Nedense, yıllardır bu konuda kılını kıpırdatmayan politikacılarımıza karşın, Akdeniz Üniversitesi Profesörlerinden Harun Gümrükçü hocamızın, bu konuda yürüttüğü öncü çalışmalar ve birer birer kazanılan davalar, vizesiz Avrupa rüyasını harekete geçirmiş ve önümüzü açmış olduğu gibi, ilgili ülke parlamentolarında bu yönde yeni düzenlemeler yapmayı mecbur kılmıştır.

Esasen, her Türk Vatandaşı’nın Avrupa’da vizesiz seyahat hakkı vardır ve bu haklar bilinçli olarak verilmediği gibi engellenmektedir. Türkiye’nin AET ile başlayan ve AB’nde süregelen üyelik süreci, bazı yükümlülükler doğurduğu gibi, aynı zamandabu süreç, bazı hakları da yaratmıştır.
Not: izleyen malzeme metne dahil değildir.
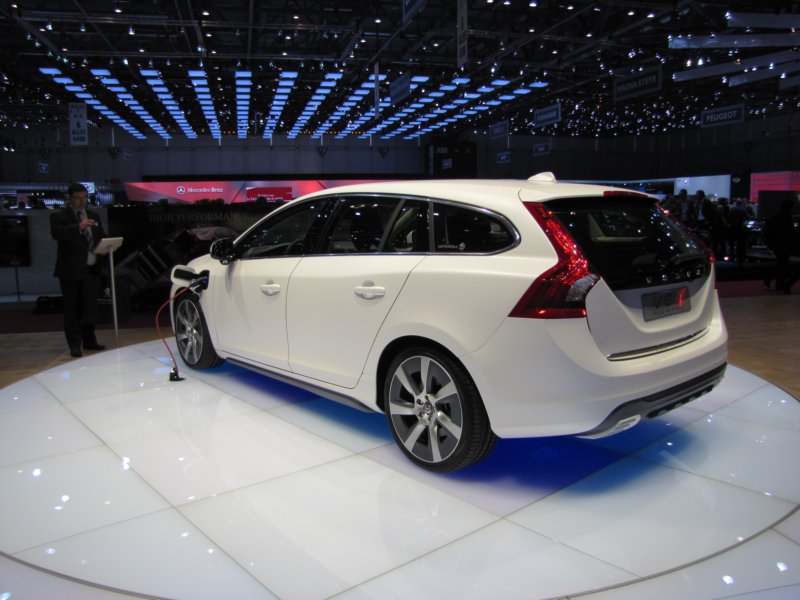 volvov60pluginhybrid33.jpg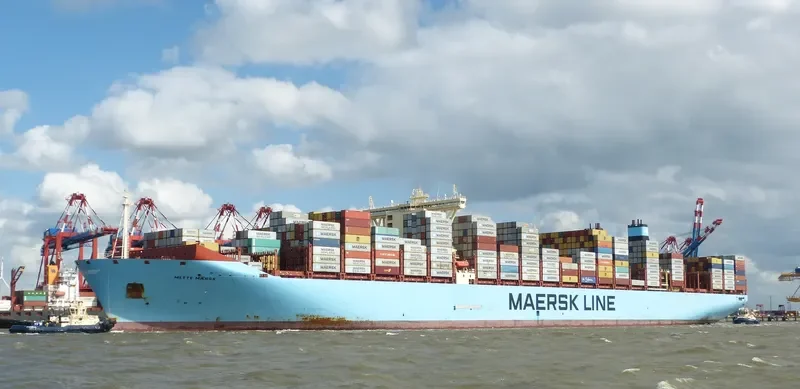 METTE MAERSK Container Ship IMO 9632155 photo 2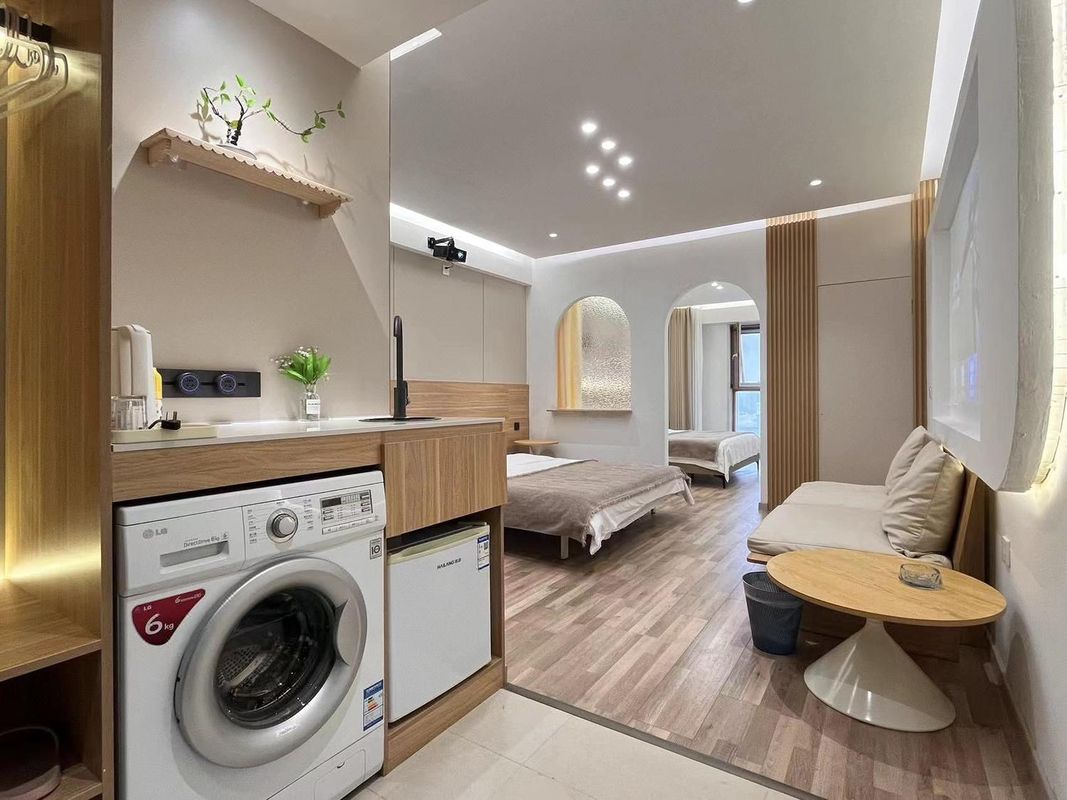 浠躍精品民宿(中央大街索菲亞店)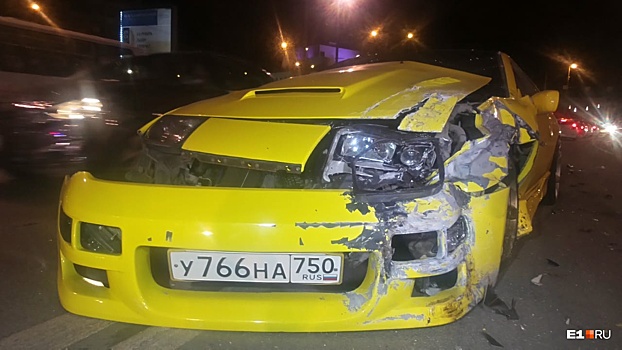 В центре Екатеринбурга столкнулись Nissan Fairlady Z, Mitsubishi Lancer и Mazda 3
Gerçekten de, Türk Vatandaşlarına ilişkin serbest dolaşım hakkının uygulanması, 1963 tarihli ‘Tam Üyeliğe Dönük Ön Üyelik Anlaşması’ statüsündeki Ankara Anlaşması ile 1970 yılında imzalanan ve 1973 tarihinde yürürlüğe giren Katma Protokol ile 1980 tarihli A(E)T-Türkiye Ortaklık Konseyi Kararları (1/80) temel hukuki dayanaklardır. Bu dayanakların ortak özelliği supranasyonel /uluslar üstü statüde olması ve üye devletlerin iç hukuklarının üzerinde olmasıdır. Bunların içerisinde 1973 yılında yürürlüğe giren Katma Protokol’ün 41/1 maddesi ve 1/80 sayılı Ortaklık Konseyi Kararı özellikle üzerinde çalışılması ve dikkate alınması gerekenlerdendir. Bu antlaşmalar ile gerek Türkiye’de, gerekse AB ülkelerinde ikamet eden vatandaşlarımızın haklarının geriye götürülemeyeceği, yeni kısıtlamalar getirilemeyeceği (Standstillklausel, mevcut haklarda kötüleştirme yapılamayacağı ilkesi/hükmü) uluslarüstü statü ile teminat altına alınmıştır.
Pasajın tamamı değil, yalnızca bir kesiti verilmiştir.